Il jazz è anche controsensi, pur essendo sincero, dove l’onestà intellettuale conta più dell’estetica. Ci sono anche gli errori, ma regalano il fascino. Basta sentire Coltrane.

«Il jazz è una musica che non si può spiegare. È una filosofia di vita, quella nota stonata che ti rende unico e irripetibile. Sono le note forti di John Coltrane, che fanno parte di un discorso ben più ampio di quell’assolo… Un jazz riconducibile solo ed esclusivamente a quella specifica personalità artistica. È qualcosa che va talmente oltre, da sovrastare il parametro di giudizio.
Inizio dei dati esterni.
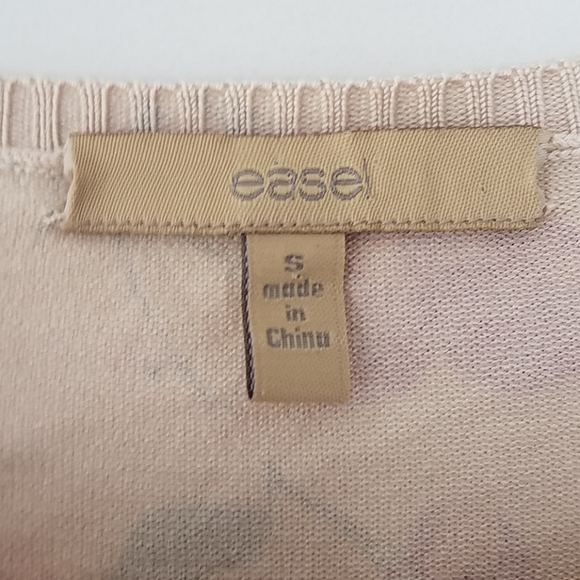 Easel Cherry Print Cardigan - Picture 3 of 8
E tu non puoi non amarlo.»

“L’unico fiato che ci vuole è quello della sincerità. Il resto lo fa la storia, ciò che racconti, nel momento in cui lo racconti.”

«Trovo che essere sinceri con sé stessi e con il pubblico sia la cosa più importante. Dovremmo riuscire ad ascoltare il fiato di quelli che non si lasciano abbattere e si rialzano dopo ogni caduta. Prendendo esempio da Charlie Parker, che ha usato il linguaggio dei neri nel suo modo di suonare il sassofono, dentro il mio fiato ci metterei tutta la sofferenza, l’ingiustizia, il non essere ascoltati. La consapevolezza di un vinto ma onesto; di chi ha vissuto la propria vita soffrendo; di chi emette un sibilo, perché gli manca il fiato grosso, e ha solo quel fiato sottile per comunicare sé stesso, i propri valori, al mondo intero.»

Da una crescita quasi sotterranea al jazz come pilastro della nostra cultura, nel tentativo di edificare una società migliore di come i nostri figli l’hanno trovata.

«Nutro fiducia nei confronti della nuova generazione che, magari, facendo tesoro degli errori fatti in passato dai loro padri, potrebbe riuscire laddove noi abbiamo sbagliato. Sono stanco di assistere ai continui inseguimenti del denaro, del successo ad ogni costo, del potere televisivo… Provo infinito rispetto e profonda compassione per quelli che si fanno il culo ogni giorno, sudando e sgobbando per sbarcare il lunario.»

I luoghi, le atmosfere, la gente… nel ricordo di un tredicenne che, al saggio di fine anno delle medie, realizza che avrebbe voluto suonare il sax.

«Da piccolo pensavo di fare il cameriere, i miei modelli erano i genitori e il ristorante di famiglia. Poi mio padre mi mandò alla scuola di musica della banda di Settecamini e il maestro Carmelo Scafidi decise che dovevo suonare il sax.»

Speranza, magia, l’arte dei suoni fin dall’imitazione dei rumori della natura alle fughe di Bach. Le frequenze della musica ci procurano sensazioni quasi fisiche, un benessere dell’anima, sotto le stelle del jazz.

«Io volo basso, ma in Francia una signora mi disse che miglioravo la qualità della sua vita. Sono un’anomalia. Non credo di avere scelto di fare il musicista. Se solo fosse vero, però, magari sono sempre stato un sassofonista e non lo sapevo.»